Two weeks post final chemo...

Today is two weeks post my final chemo therapy. Yes!!! Feeling better help the mind and body in so many ways. I am still battling some side effects, but things are getting better. 

Eye sight is blurry, neuropathy in feet from ankles to toes is evident still and in my fingers. You know, the pins and needles prickly feeling. Very aggravating, but I can deal with this. I don't have nausea anymore and that has helped my taste buds come back too. 

As my energy comes back, I am going to enjoy our daughters Spring Break. 

I go back in on April 1st to meet with Radiological oncologist for a CT scan and for radiation tattoos. 

I find it enlightened to a new sense of doing fun things. Let the great Spring weather make a way of happy times.

Closer to the end of chemo

Today is day 5 of my second to last chemo. Side effects are going as usual, for the most part. 

Bad taste buds, tingling neuropathy toes, feet and fingers. Raw sinuses, which I need to go buy an OTC nasal spray gel to help with the bloody noses. I have headaches due to the sinuses. Then there is the worrysome pains I am having in my left abdominal area just under my ribs is what we are focusing on now.

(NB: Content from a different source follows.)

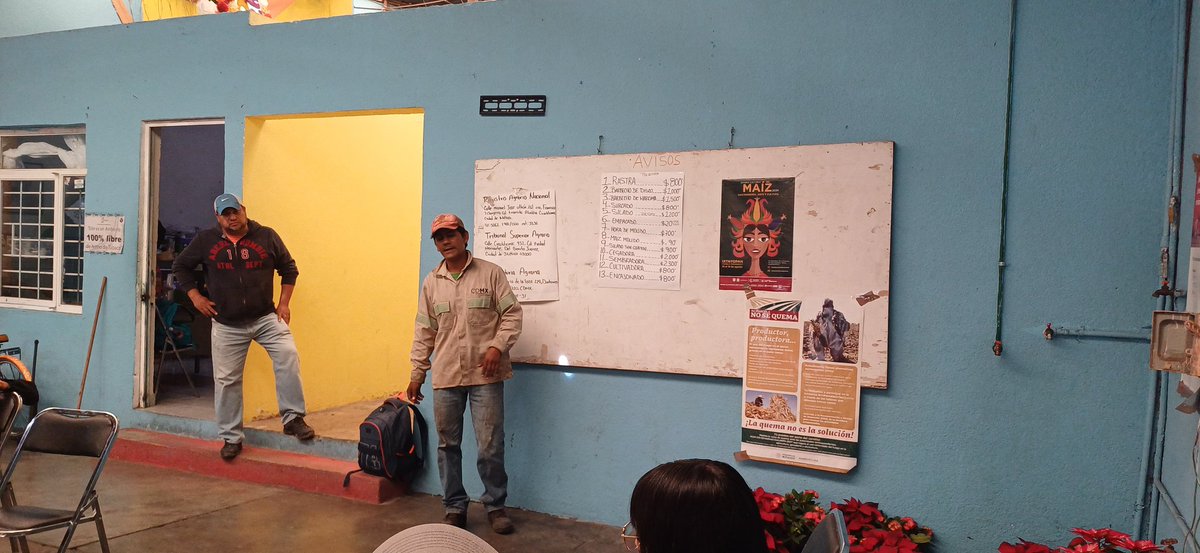 OaxacaRojas's tweet photo. En coordinacion con el CIIC 2 y la Clinica Veterinaria Intinerante de @corenadr se realizo un intercambio de experiencias de la central de maquinaria del ejido de Ixtayopan con productores de borregos de #suelodeconservacion de Tlalpan para la mecanizacion del ensilaje de maiz https://t.co/i9qwFHR0hu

The oncologist scheduled me for a CT scan yesterday. 

So for the next fun journey, yesterday i got to the hospital after occupational therapy for the lymphodema to get set up for the CT scan yesterday morning. They wanted me to do a liquid prep, but I am allergic to all sulfate a and the liquid clearly states it was a sulfate based drink. Strike one. The next guy came in and said they would need me to drink that solution, but I would have to do a benedryl and prednisone 13 hour prep prior to the scan. I said no, I would not drink that solution and to please call my oncologist. I can't do the IV contrast either because it is an iodine based infusion. Umm, I am allergic to iodine and it is because I am allergic to shell fish.  So after waiting another 30 minutes or so a female tech came to get me and again tried to get me to drink the liquid prep. I got pissed. Nobody was listening. I know my allergies and I refuse to let people bully me and tell me I am a liar and would not react to the liquid. She took me to the room for the CT and talked to her boss, who in turn said to do the CT without any contrast then. Scan was done and I was out of there in about 15 minutes. I wonder if the CT was even helpful since I can't have the contrast. Oh well. I just want to get answers as to why and what this pain is from. 

Oh my nose knows

This is week 10 of 12 Taxol chemo treatments. This week has been very tiresome. I just want to sleep, but sleep avoids me. I have another side effect of nose bleeds and bloody sinuses. Ahhhchooo. 

I know the chemo is killing any cancer cells, but I keep thinking it isn't working because my hair is coming back. The oncologist assured me the chemo is still doing its job. 

My hair is growing long. I am actually using shampoo again. It is a salt and pepper mix with a little dark brown in the back. I have my male pattern baldness still so I am lacking new growth on top, but there is some peach fuzz. 

I can't wait to get to the last treatment. Julia wants to go with us that day so I can ring the bell to signify my last chemo. I asked her to make me a poster to show it will be my last chemo. 

Radiation will start about three weeks after Chemo. 

The oncologist is studying our family genetic history for her genetics class and even presented our family tree to her professors in California. We have an extensive history of cancer in my paternal side going back three generations and proven BRCA 2 + history too. 

My oncologist is also looking into a trial she wants me to consider for post chemo maintenance drug study. More on that soon.